To remedy damage, you can pull into the pit stops located close to the starting point of each track. You just need to pull in to them and then the pit stop phase of the game begins. You now control a cursor in the shape of a steering wheel and by clicking on one of the two crew members (tire guy and gas guy) you take direct control of them. The gas guy can be set to auto-pilot, so once he starts filling the tank you can leave him to it and start working on the tires.
Make sure you don't overflow the tank though, since it will reset to 0 and cost you precious seconds to refuel.
The tire exchange consists of kneeling next to the tire to change, walk it over to the spare tire pile, it will be exchanged for a fresh one and return to the empty spoke and kneel again. This can be time consuming, making the decision to leave a semi-solid tire on the vehicle for another lap or two in order to gain a few precious moments a key tactical decision.
To say nothing of the risk one runs bypassing the pit stops altogether during the race to gain time, but then perhaps running out of fuel or blowing a flat just shy of the finish line.
The graphics are simple but effective. No matter where in the world you are racing the same distant hills are shown and the other vehicles are, other than for a color swap, identical to the player's. Even the pit crews are the same.

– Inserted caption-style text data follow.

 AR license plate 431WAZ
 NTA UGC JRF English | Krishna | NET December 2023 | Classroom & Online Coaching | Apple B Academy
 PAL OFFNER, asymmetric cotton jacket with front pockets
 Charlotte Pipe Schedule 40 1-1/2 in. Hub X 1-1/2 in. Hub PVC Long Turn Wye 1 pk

That being said, the track runs at an amazing frame rate with super smooth scrolling and everything is easily recognisable and nothing distracts from the action.

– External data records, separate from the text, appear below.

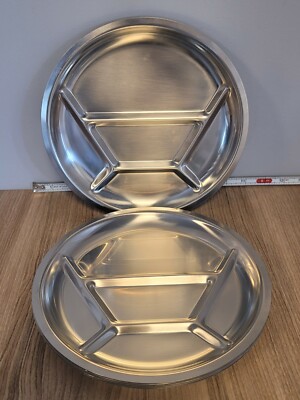 Assiette Militaire Suisse En Inox 18/8 - Plateau Repas De Camping, 9 Pouces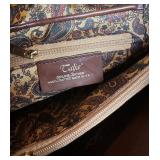 Vintage Vera Pelle Talia Italian Genuine Leather Shoulder Bag with Ornate Pattern Hand-Crafted in Italy Vintage Vera Pelle Talia Italian Genuine Leather Shoulder Bag with Ornate Pattern Hand-Crafted in Italy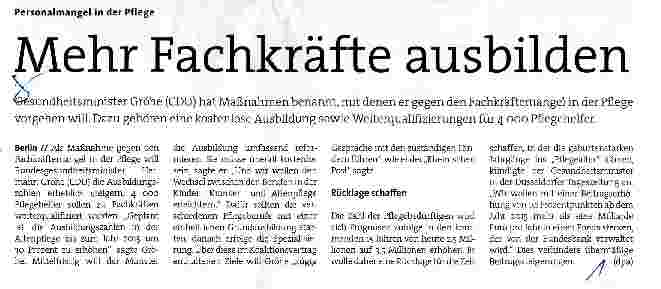 Vorschauseite 1: Mehr Fachkräfte ausbilden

While there is no in game music, it isn't missed. The engine roars are nicely done and the split screen and parallax effect of drivers whizzing by provides all the atmosphere the game needs.
A special mention must go out to the AI in this game. While a two player game is always fun, the computer controlled cars on the track and even the computer opponent in single player, react amazingly human and can be quite aggressive.
In an interview, the designer Stephen Landrum revealed that this was in large part due to a little "disadvantage" he built into their abilities. The computer controlled drivers have a shorter available draw distance than the player, thus forcing them to react a split second later than the player, compensating for the computers faster reflexes, and making the race fairer.
While it's now been 30 years since the game's release, it is still one of the best head to head racers out there. Fast, fun and easy to delve into. It has been re-released on the Wii Virtual Console and will hopefully continue to be played for generations to come.